Gaudium et spes! Ks. Jacek
Święto Św. Szczepana, Pierwszego Męczennika,
do czytań z t. VI Lekcjonarza: Dz 6,8–10;7,54–60; Mt 10,17–22
O dzisiejszym naszym Patronie nie wiemy, kiedy i gdzie się urodził. Jego greckie imię – Stephanos, co znaczy: „wieniec” – wskazywałoby, że był on nawróconym hellenistą. Nie są nam jednak znane szczegóły jego wcześniejszego życia. Dla nas jego dzieje rozpoczynają się od czasu wybrania go na diakona Kościoła. Apostołowie na propozycję Świętego Piotra wybrali siedmiu diakonów dla posługi ubogim, aby w ten sposób odciążyć uczniów Chrystusa oraz dać im więcej czasu do głoszenia Ewangelii.
Ale Święty Szczepan nie ograniczył się wyłącznie do posługi ubogim. Według Dziejów Apostolskich, pełen łaski i mocy Ducha Świętego, głosił Ewangelię z mądrością, której nikt nie mógł się przeciwstawić. I z tego to powodu został oskarżony przez Sanhedryn, że występuje przeciw Prawu i Świątyni. W mowie obronnej Szczepan ukazał dzieje Izraela z perspektywy chrześcijańskiej, konkludując, że naród ten stale lekceważył wolę Boga. Na zakończenie swej mowy, nasz Święty publicznie wyznał Chrystusa, za co został ukamienowany. Jest określany mianem: „Protomartyr” – Pierwszy Męczennik.
Oskarżycielami Świętego Szczepana przed Sanhedrynem byli prozelici żydowscy, czyli nawróceni na judaizm poganie, których zwano Grekami. Wynika stąd, że Szczepan zaczął od nawracania swoich ziomków, do których przemawiał ich greckim językiem. Zadziwia on przy tym znajomością dziejów Narodu Wybranego i wskazuje, że powołaniem tegoż Narody było przygotowanie świata na przyjście Zbawiciela. Żydzi jednak nie tylko sprzeniewierzyli się swemu wielkiemu posłannictwu, ale nawet zamordowali Chrystusa. Stąd oburzenie, jakie wyrywa się z ust Świętego Szczepana. Był to rok 36, a więc od śmierci Chrystusa Pana upłynęło zaledwie trzy lata.

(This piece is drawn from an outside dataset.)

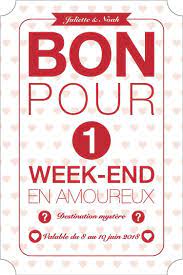 Exemple De Bon Cadeau Pour Un Week End En Amoureux Bon Cadeau Week End En Amoureux Carte Bonne Fete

Z opisu męczeństwa Szczepana wiemy, że przy jego śmierci był obecny Szaweł, późniejszy Apostoł Narodów. Nie był jeszcze wówczas pełnoletni, dlatego nie mógł brać bezpośredniego udziału w egzekucji Szczepana, a tylko pilnował szat oprawców. Bibliści wszakże zastanawiają się, jak mogło dojść do jawnego samosądu oraz morderstwa, skoro każdy wyrok śmierci był uzależniony od podpisu rzymskiego namiestnika, jak to widzimy przy śmierci Pana Jezusa. Jednak właśnie wtedy, w 36 roku, Poncjusz Piłat został odwołany ze swojego stanowiska, a nowy namiestnik jeszcze nie przybył. Zapewne ten moment wykorzystali Żydzi, by dokonać samosądu na Świętym Szczepanie. Co więcej, rozpoczęli na szeroką skalę akcję niszczenia chrześcijaństwa. Wśród głównych prześladowców znalazł się Szaweł, późniejszy Apostoł Narodów – Święty Paweł.

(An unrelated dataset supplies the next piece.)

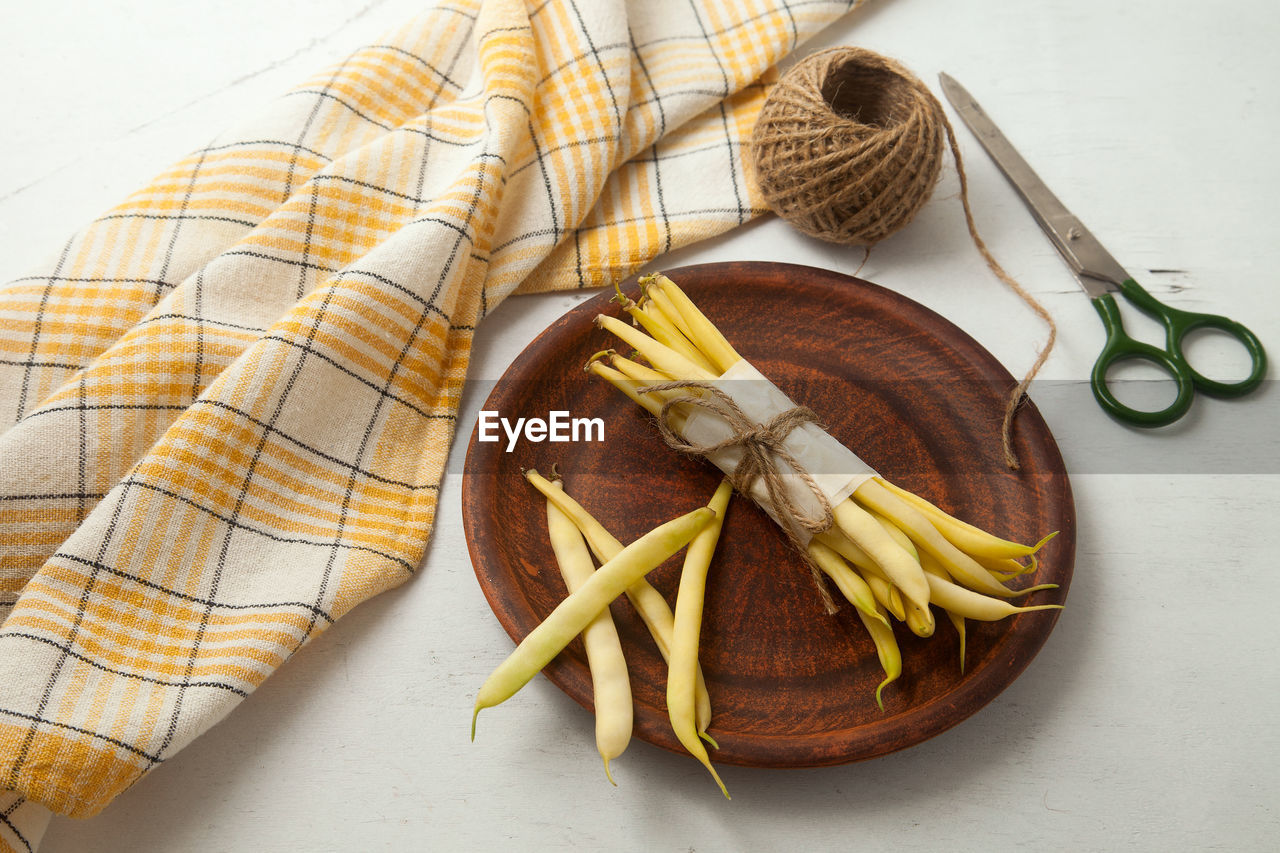 high angle view of food in plate on table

Kult Męczennika rozwinął się natychmiast po śmierci. Jednakże na skutek zawieruch, jakie nawiedzały Ziemię Świętą, także Jerozolimę, zapomniano o jego grobie. Odkryto go dopiero w 415 roku. Jeśli go rozpoznano, to znaczy, że musiał to być grób jakoś wyróżniający się i opatrzony odpowiednim napisem. Na miejscu odnalezienia zwłok Szczepana biskup Jerozolimy, Jan, wystawił murowaną bazylikę, drugą zaś na miejscu, gdzie – według podania – Święty miał być ukamienowany.
Czytania mszalne dzisiejszej liturgii bezpośrednio odnoszą się do przeżywanego wspomnienia. Pierwsze czytanie, z Księgi Dziejów Apostolskich, zawiera opis samego męczeństwa Szczepana. Są to fragmenty większej całości, którą z łatwością odnajdziemy w tejże Księdze. Z kolei w Ewangelii słyszymy słowa Jezusa, zapowiadające prześladowania Jego uczniów. Jest to tak precyzyjna zapowiedź, że kiedy prześledzi się opis męczeństwa naszego dzisiejszego Patrona, to ma się wrażenie, że zapowiedzi Jezusa spełniają się wręcz dosłownie!
Oto bowiem Jezus mówi: Miejcie się na baczności przed ludźmi. Będą was wydawać sądom […]. Nawet przed namiestników i królów będą was wodzić z mego powodu […]. Kiedy was wydadzą, nie martwcie się o to, jak ani co macie mówić. W owej bowiem godzinie będzie wam poddane, co macie mówić. Gdyż nie wy będziecie mówili, lecz Duch Ojca waszego będzie mówił przez was. […] Będziecie w nienawiści u wszystkich z powodu mego imienia. Lecz kto wytrwa do końca, ten będzie zbawiony. Kochani, czyż słowa te i zapowiedzi w całej rozciągłości nie spełniły się na Świętym Szczepanie?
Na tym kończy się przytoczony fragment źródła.